## Work required
Copy exactly the lines from the one containing "Camelot Coupe Soup Bowl" through the last line of the records below, both included, and leave out the pictures.

(Data excerpts)
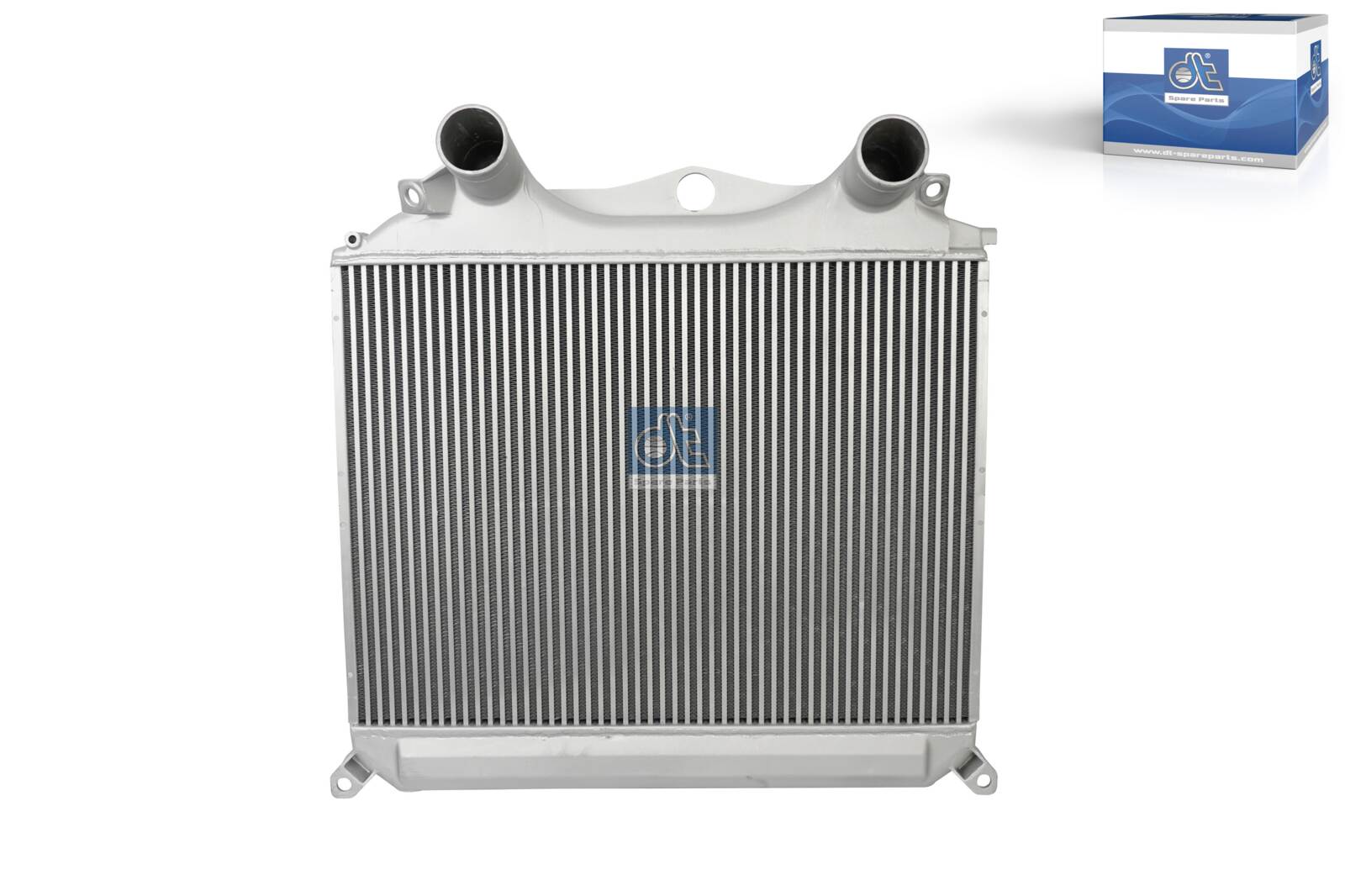 Interkoeler Dt Spare Parts 3.16227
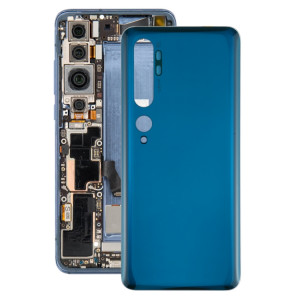 Cache arrière de la batterie pour Xiaomi Mi CC9 Pro SH52GL1459-20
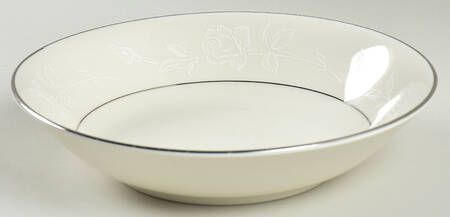 Camelot Coupe Soup Bowl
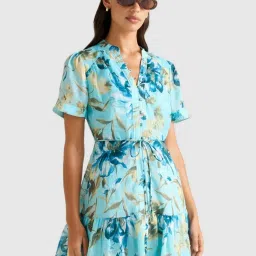 forever new Jodie Skater Mini image 1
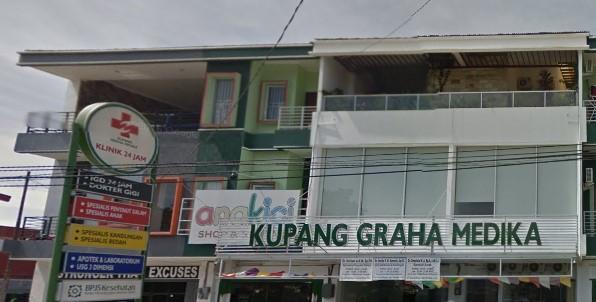 Kupang Graha Medika
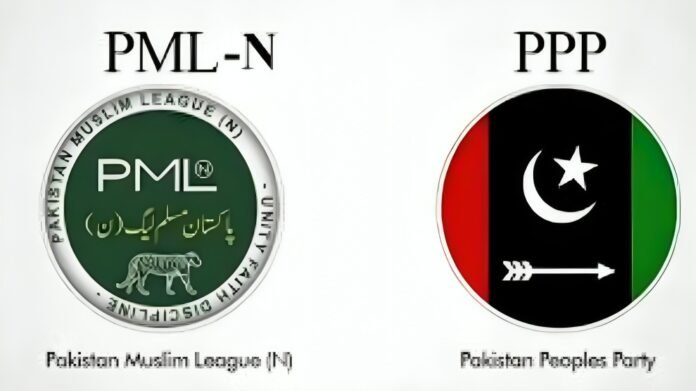 PML-N and PPP Alliance Driven by Necessity, Not Love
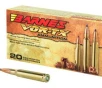 Barnes  308 7 62x51mm   308 Winchester  150gr     20 Rounds- 12 Shipping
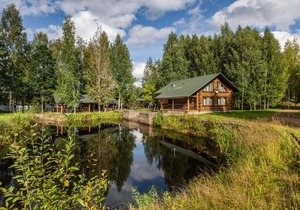 EcoVillage Seliger 2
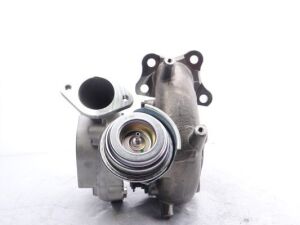 Турбокомпрессор Original Reman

## Worked solution
 Camelot Coupe Soup Bowl
 forever new Jodie Skater Mini image 1
 Kupang Graha Medika
 PML-N and PPP Alliance Driven by Necessity, Not Love
 Barnes  308 7 62x51mm   308 Winchester  150gr     20 Rounds- 12 Shipping
 EcoVillage Seliger 2
 Турбокомпрессор Original Reman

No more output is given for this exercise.